When I was in school, girls took a home economics class and boys took wood shop. I still remember the three projects required in my home economics course. I had to make a dress. I had to cook a meal. And I had to make a budget for living on my own that included finding and furnishing an apartment. That third lesson has stayed with me for life. Over the years, those home economics courses have morphed into consumer economics courses featuring significant lessons in practical mathematics.11 And more states are now requiring financial education for boys and girls as part of the mandatory curriculum.

More important than the actual math is the increasing complexity of financial services, products, and instruments. In a world where decisionmaking involves not just making a choice between two types of savings instruments or investment products, but dozens, the issue is less about being able to do the math and more about being able to decipher the terms and conditions of financial instruments. Being able to find good information and reliable advice is a key component of good outcomes. This is an area where I am pleased to say the Federal Reserve can be of some assistance. At the Federal Reserve, we have responsibility for designing many consumer disclosures, and we have made great strides recently to make those disclosures more understandable.

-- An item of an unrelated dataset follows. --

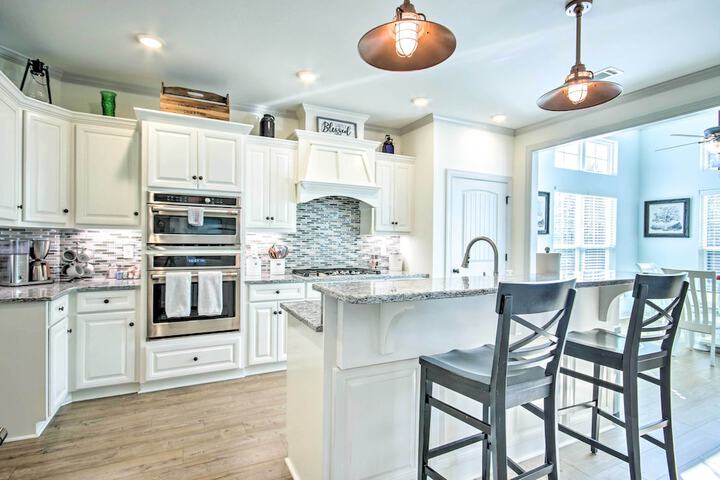 North Augusta Getaway w / Large Deck & Yard
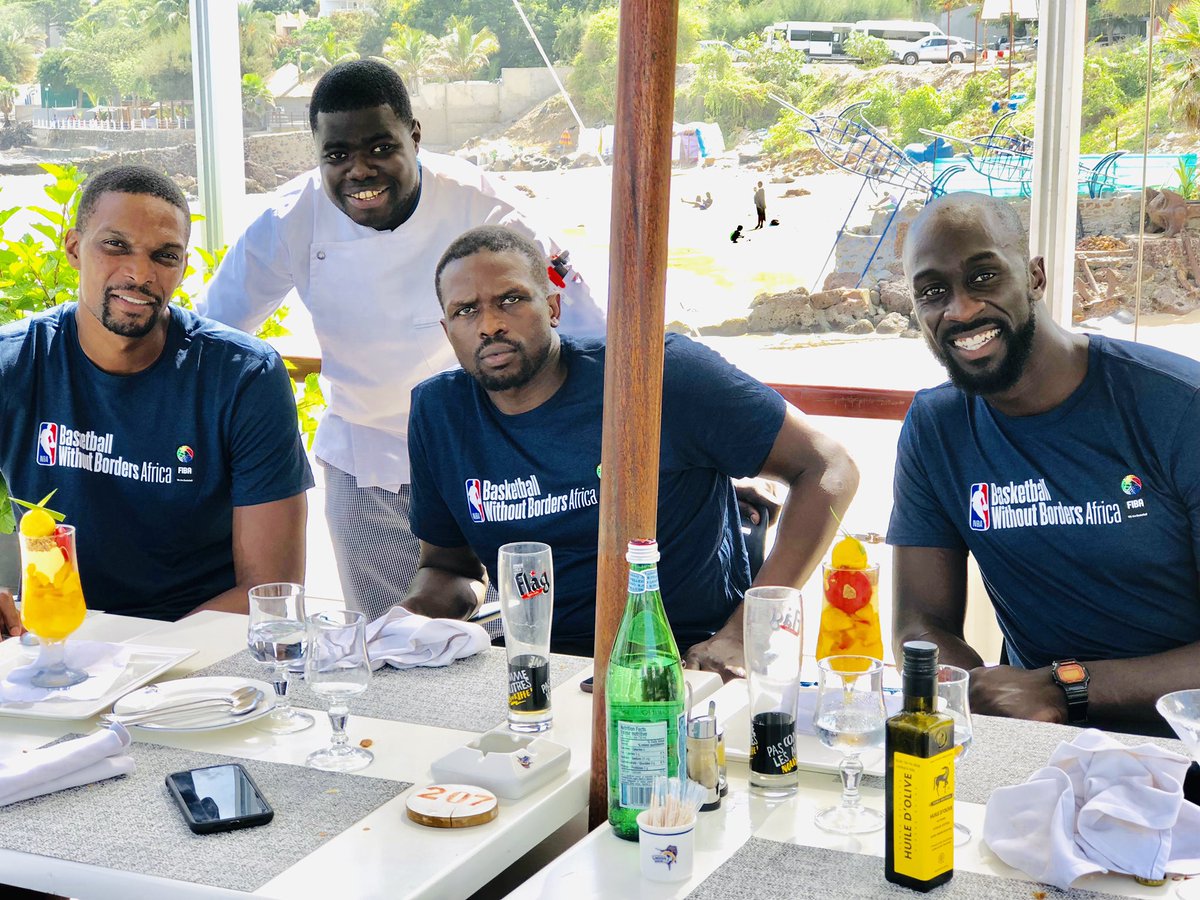 chefkhalil87's tweet photo. Coupe de mangue 🥭 visite de la délégation NBA 🇺🇸 https://t.co/D6QDsrhH51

In addition, we have written rules banning many of the confusing practices in financial services that could not be adequately explained in disclosures. We also provide helpful tools and information on our website, http://www.federalreserve.gov. I hope you remember to take advantage of our resources whenever you need information concerning credit and savings products, financial planning, and investment decisions.

To read the entire remarks given by Elizabeth Duke click here.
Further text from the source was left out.